Neehar Peri, Achal Dave, Deva Ramanan, Shu Kong
Contemporary autonomous vehicle (AV) benchmarks have advanced techniques for training 3D detectors, particularly on large-scale LiDAR data. Surprisingly, although semantic class labels naturally follow a long-tailed distribution, these benchmarks focus on only a few common classes (e.g., pedestrian and car) and neglect many rare classes in-the-tail (e.g., debris and stroller). However, in the real open world, AVs must still detect rare classes to ensure safe operation. Moreover, semantic classes are often organized within a hierarchy, e.g., tail classes such as child and construction-worker are arguably subclasses of pedestrian. However, such hierarchical relationships are often ignored, which may yield misleading estimates of performance and missed opportunities for algorithmic innovation. We address these challenges by formally studying the problem of Long-Tailed 3D Detection (LT3D), which evaluates on all classes, including those in-the-tail. We evaluate and innovate upon popular 3D detectors, such as CenterPoint and PointPillars, adapting them for LT3D. We develop hierarchical losses that promote feature sharing across common-vs-rare classes, as well as improved detection metrics that award partial credit to “reasonable” mistakes respecting the hierarchy (e.g., mistaking a child for an adult). Finally, we point out that fine-grained tail class accuracy is particularly improved via multimodal fusion of RGB images with LiDAR; simply put, fine-grained classes are challenging to identify from sparse (LiDAR) geometry alone, suggesting that multimodal cues are crucial to long-tailed 3D detection. Our modifications improve accuracy by 5% AP on average for all classes, and dramatically improve AP for rare classes (e.g., stroller AP improves from 0.1 to 31.6)!

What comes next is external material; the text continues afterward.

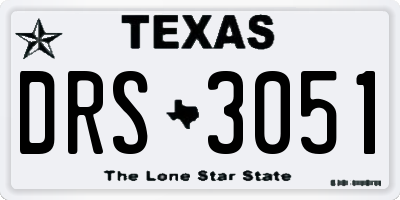 TX license plate DRS3051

Any questions or discussion are welcome! Please raise an issue (preferred), or send me an email.
Neehar Peri [nperi@cs.cmu.edu]
Modified from det3d's original document.
# Basic python libraries
conda create --name lt3d python=3.8
conda activate lt3d
git clone git@github.com:neeharperi/LT3D.git
# Set the CUDA/CuDNN path (change the path to your own CUDA location)

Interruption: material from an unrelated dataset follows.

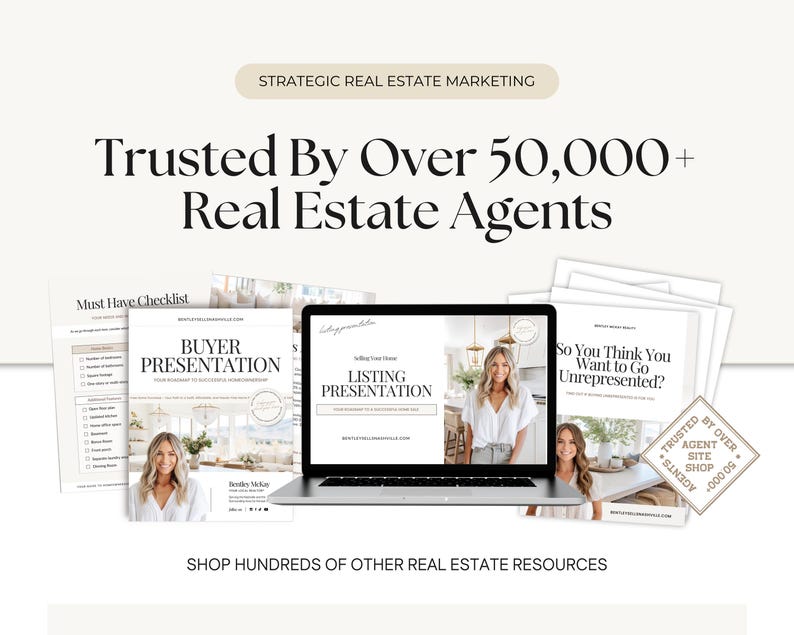 The image is an advertisement for a real estate marketing service, featuring a laptop displaying a presentation slide, brochures, and other real estate-related materials.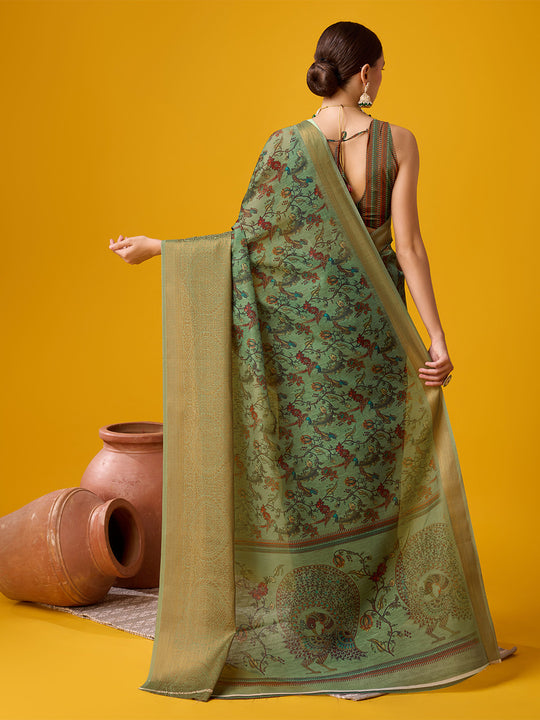 Green Cotton Digital Print Saree With Blouse Piece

export PATH=/opt/cuda/11.1.1/bin:$PATH
export CUDA_ROOT=/opt/cuda/11.1.1
export CUDA_HOME=/opt/cuda/11.1.1
export LD_LIBRARY_PATH=/opt/cuda/11.1.1/lib64:$LD_LIBRARY_PATH
export LD_LIBRARY_PATH=/opt/cuda/11.1.1/lib:$LD_LIBRARY_PATH
export CUDNN_ROOT=/opt/cudnn/cuda-11.1/8.0.4.30/cuda
export CUDNN_HOME=/opt/cudnn/cuda-11.1/8.0.4.30/cuda
export CUDNN_LIBRARY=/opt/cudnn/cuda-11.1/8.0.4.30/cuda/lib64
export CUDNN_INCLUDE_DIR=/opt/cudnn/cuda-11.1/8.0.4.30/cuda/include
git clone git@github.com:neeharperi/nuscenes-lt3d.git
#Latest Changes
git clone git@github.com:neeharperi/av2-api.git
#AV2 API
pip install av2
bash setup.sh
We also provide additional setup instructions for using AWS or Lambda Cloud under setup.
# For nuScenes Dataset
└── NUSCENES_DATASET_ROOT
├── samples <-- key frames
├── sweeps <-- frames without annotation
├── maps <-- unused
├── v1.0-trainval <-- metadata
# For AV2 Sensor Dataset
└── AV2_DATASET_ROOT
├── train <-- train data and annotations
├── val <-- val data and annotations
├── test <-- test data
Data creation should be under the GPU environment.
# nuScenes
python tools/create_data.py nuscenes --root-path NUSCENES_DATASET_ROOT --out-dir NUSCENES_DATASET_ROOT/nusc_mmdet3d_trainval --extra-tag nuscenes --max-sweeps 10
# AV2
python tools/create_data.py av2 --root-path AV2_DATASET_ROOT --out-dir AV2_DATASET_ROOT/av2_mmdet3d_trainval --extra-tag av2 --max-sweeps 5
In the end, the data and info files should be organized as follows
# For nuScenes Dataset
└── NUSCENES_DATASET_ROOT
├── samples <-- key frames
├── sweeps <-- frames without annotation
├── maps <-- unused
|── v1.0-trainval <-- metadata and annotations
|__ nusc_mmdet3d_trainval
|── nuscenes_infos_train.pkl <-- train 3D annotations
|── nuscenes_infos_train_mono3d.coco.json <-- train 2D annotations
|── nuscenes_infos_val.pkl <-- val 3D annotations
|── nuscenes_infos_val_mono3d.coco.json <-- val 2D annotations
|── nuscenes_dbinfos_train.pkl.pkl <-- GT database info files
|── nuscenes_gt_database <-- GT database
# For AV2 Dataset
└── AV2_DATASET_ROOT
├── train <-- train data and annotations
├── val <-- val data and annotations
├── test <-- test data
|__ av2_mmdet3d_trainval
|── av2_infos_train.pkl <-- train 3D annotations
|── av2_infos_train_mono3d.coco.json <-- train 2D annotations
|── av2_infos_val.pkl <-- val 3D annotations
|── av2_infos_val_mono3d.coco.json <-- val 2D annotations
|── av2_dbinfos_train.pkl.pkl <-- GT database info files
|── av2_gt_database <-- GT database
Use the following command to start a distributed training and evaluation. The models, logs, and evaluation results will be saved to work_dirs/CONFIG_NAME
.
This codebase supports PointPillars, CBGS, CenterPoint, FCOS3D, and PGD. See configs for more details
# Single GPU Training
python tools/train.py CONFIG_FILE --no-validate
# Distributed Training
bash tools/dist_train.sh CONFIG_FILE NUM_GPU --no-validate
This codebase supports FCOS3D and PGD. See config for more details.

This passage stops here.